Since 2010, aphids have been colonizing corn later in the summer and are building up to striking levels in Iowa. They can be found at the base of the stalk, around the ear and sometimes above the ear leaf. Aphids have been sighted in corn again this summer.

Aphids have been confirmed in some cornfields this year beginning in late July, particularly in northeast Iowa. This is about 10 to 14 days earlier than previous growing seasons, says Erin Hodgson, Iowa State University Extension entomologist. Some of these infested fields were sprayed in early August. She noticed aggregated colonies of aphids at the end rows in some fields, but some other areas have aphids throughout the field.

Cornfields can have two aphid species: corn leaf aphid and bird cherry-oat aphid. They are closely related and look very similar in size and color. You can see more than one species in a field and even on a single plant, Hodgson says.

The bird cherry-oat aphid has an orange-red saddle between the cornicles. Other aphid species can also be found, including greenbug and English grain aphid, but are not as common in corn this year. Species identification is not critical for management at this point — an aphid is an aphid.

All aphids have piercing-sucking mouthparts and feed on the sap from the plant. They excrete sugar-rich honeydew that can cover the aboveground portion of plants. The honeydew can promote a sooty mold that interferes with plant photosynthesis.

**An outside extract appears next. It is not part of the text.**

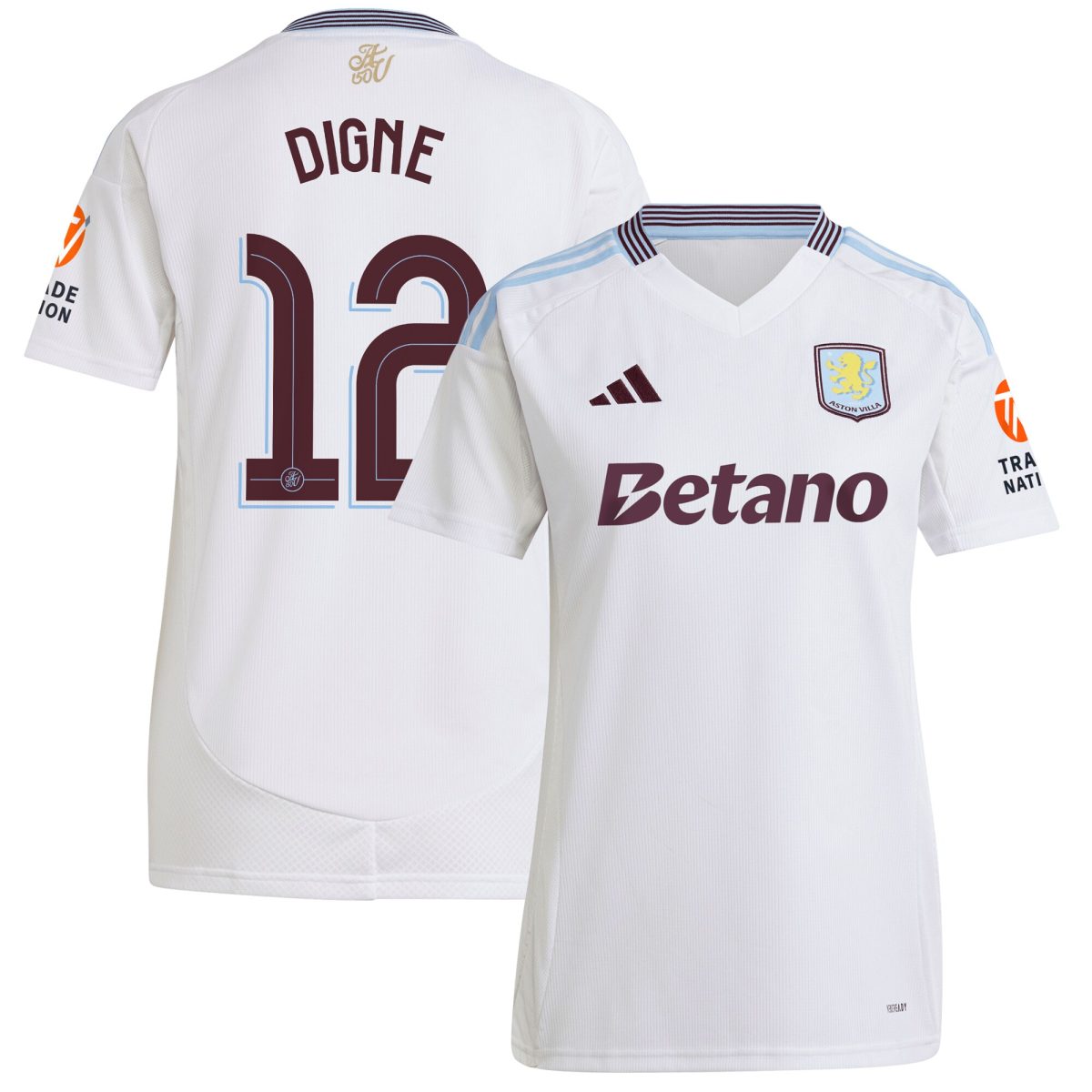 Aston Villa Jerseys - Official aston villa adidas away shirt 2024-25 – womens with digne 12 cup printing Collection for AVFC Fans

“We know soybean plants covered with mold and aphids can have serious yield loss, but we don't know the extent of yield reduction caused by aphids in corn,” Hodgson says.

Can you spray insecticide?
“Currently, there are no treatment thresholds for aphids in corn past tasseling,” says Hodgson. “But regular sampling will help you make educated decisions about a foliar application at this time.” She says you should sample fieldwide (30 plants for every 50 acres) to determine the average density.

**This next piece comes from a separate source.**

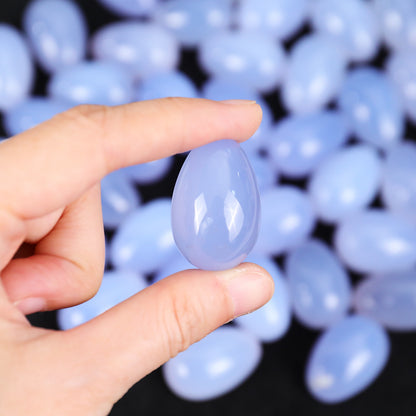 Natural Semi-Precious Blue Chalcedony Crystal Crafts Polished Yoni Eggs for Healing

POLLEN SHED: Although control is not normally required once tassels have emerged, on occasion aphids may interfere with pollination and an insecticide treatment may be warranted.

Consider these factors before deciding to apply an insecticide for aphid in corn:

 Are 80% of the plants infested with aphids or are they aggregated around the field perimeter?

 Are aphids colonizing the ears, or the ear leaf and above?

 How long has the field been infested and is the density increasing?

 Do you see honeydew or sooty mold on the stalk, leaves or ear? Mold can interfere with photosynthesis and interfere with the grain-filling process. Moldy ears could also reduce grain quality and make harvest difficult.

 Are you seeing winged aphids or nymphs with wing pads? This may be a sign of migration out of the field. 

 Is the field under drought stress? Dry weather will make amplify potential feeding damage to corn.

 Do you see any bloated, off-color aphids under humid conditions? Natural fungi can quickly wipe out aphids in field crops. Also, parasitized aphids are common to see in corn and are a result of wasp biocontrol. 

 What is the corn growth stage? Fields reaching hard dent may be past the point of a justified insecticide.

 What is the expected harvest date? Some insecticides have a 60-day pre-harvest interval. Check the label and calendar.

 Are you able to use high volume and pressure of an insecticide application to reach the aphids? Ideally, small droplets should make contact with the aphids for a quick knockdown. Don't expect residual to protect the corn from fluid feeders. 

Typically, fields with more than 500 aphids per plant fieldwide will benefit from application of a foliar insecticide, Hodgson says. “I strongly encourage you to leave an untreated check strip or two in fields that you spray. Try to leave a strip that is a fair comparison to the majority of the field, not just along the field edge. If you decide to treat for aphids in corn, I would like to hear about the yield comparisons. Your pooled data will help me formulate treatment guidelines for the future.”